Funder reporting requirements create the first pressure. Most public and corporate funders of accelerator programmes require output reporting at the end of a grant cycle. Outputs are defined as countable things that happened during the funded period: number of founders supported, workshops delivered, investors introduced, capital facilitated. Outcomes, which require longitudinal tracking, are more expensive to collect and often extend beyond the funded period. The reporting framework rewards what is easy to count within the grant window.
Press and ecosystem visibility create the second pressure. Demo day events, cohort announcements, and funding milestone press releases are the primary mechanism through which an accelerator builds its brand with potential applicants and corporate sponsors. A programme whose press coverage is a company that raised EUR 3 million on demo day is more visible than one whose press coverage is a company that had EUR 500,000 in revenue eighteen months after graduation. The funding event is a story. The operational outcome is a data point.

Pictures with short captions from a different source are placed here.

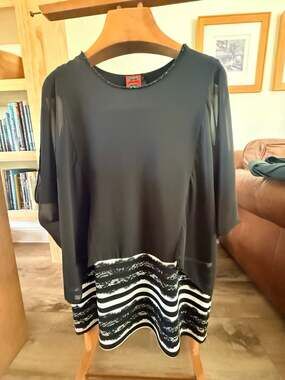 Simon Chang The Collection Black Sheer Overlay Striped Top Size M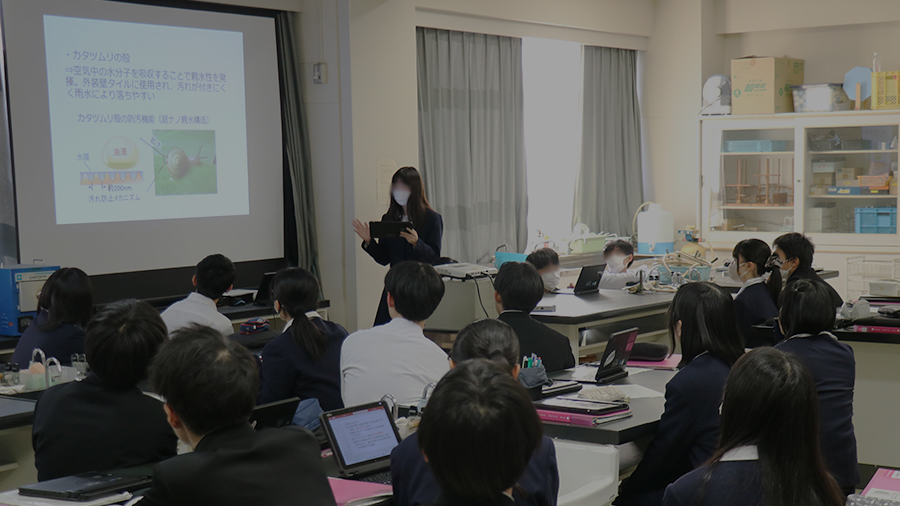 講師の講評を熱心に聞く様子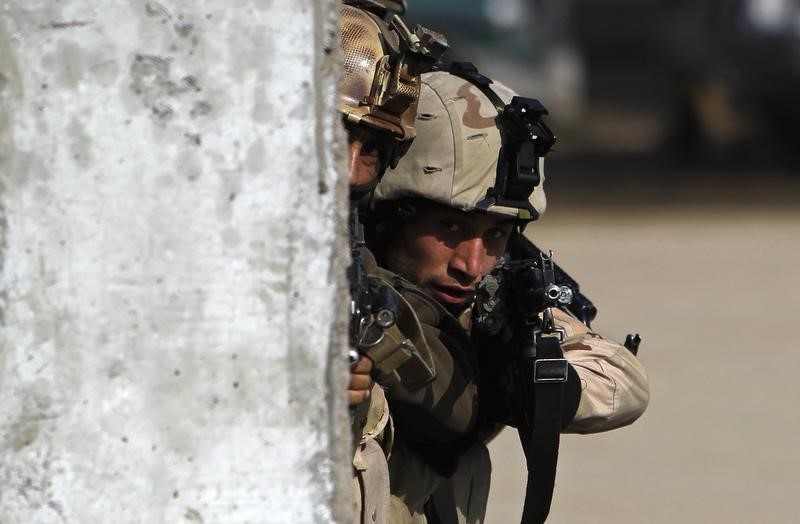 © Reuters. حلف الأطلسي يريد دورا هجوميا للقوات الأفغانية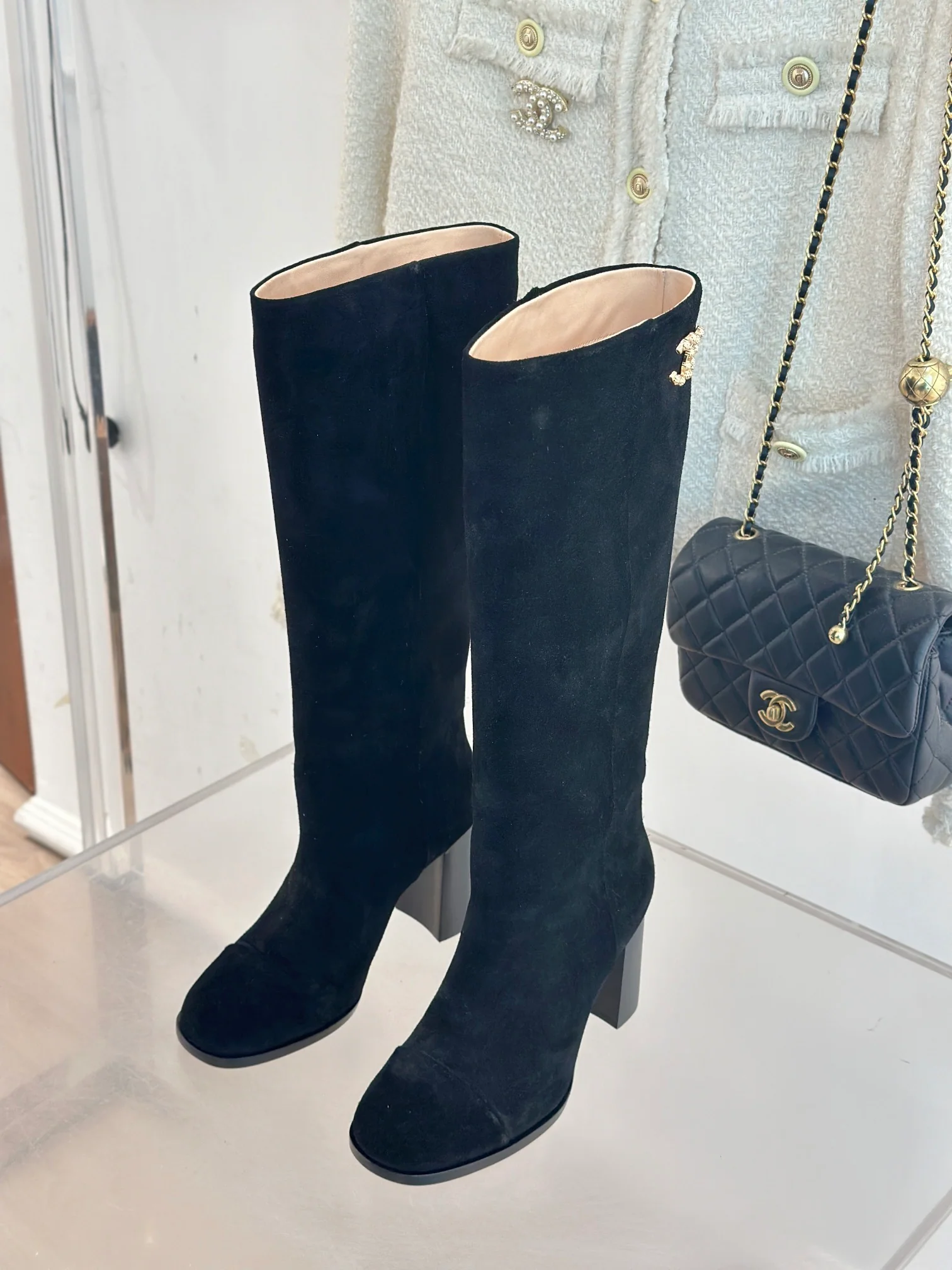 Кожаные сапоги Chanel 2024 - черные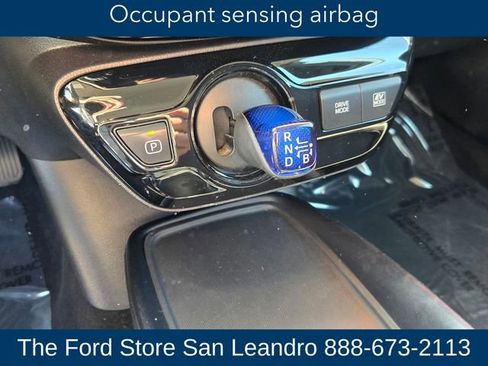 Used 2020 Toyota Prius LE AWD/4WD image 19
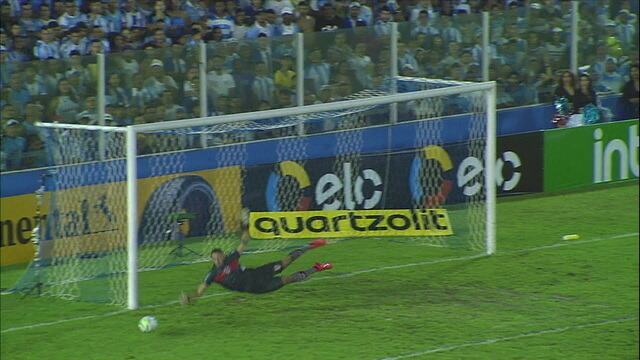 Alex Maranhão chuta forte da intermediária, a bola faz um efeito e explode na trave, aos 36 do 2º tempo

Corporate and government sponsor relationships create the third pressure. Sponsors evaluate programmes partly on the quality of the companies they see at demo days, partly on whether the programme’s visible success supports their own communication goals, and partly on whether the reporting they receive looks like the reporting they are used to seeing from comparable programmes. A programme that reports activity metrics is easy to benchmark against other programmes. A programme that reports eighteen-month company survival rates is harder to benchmark, and harder to present to a communications team.
Research by Wharton professors Assenova and Amit, examining data from 8,580 companies across 408 accelerators in 176 countries, found that accelerated startups grew more on average than their peers, but that the extent of these benefits varied significantly depending on programme design. The research finding that gets quoted is the positive headline. The research finding that gets less attention is that programme design, specifically the depth versus breadth of knowledge transfer and the presence or absence of structured educational content, determined whether the positive effect materialised. Activity metrics do not capture programme design quality.
A three-level impact measurement framework
Genuine accelerator impact measurement requires tracking at three levels, each with different data collection requirements and time horizons.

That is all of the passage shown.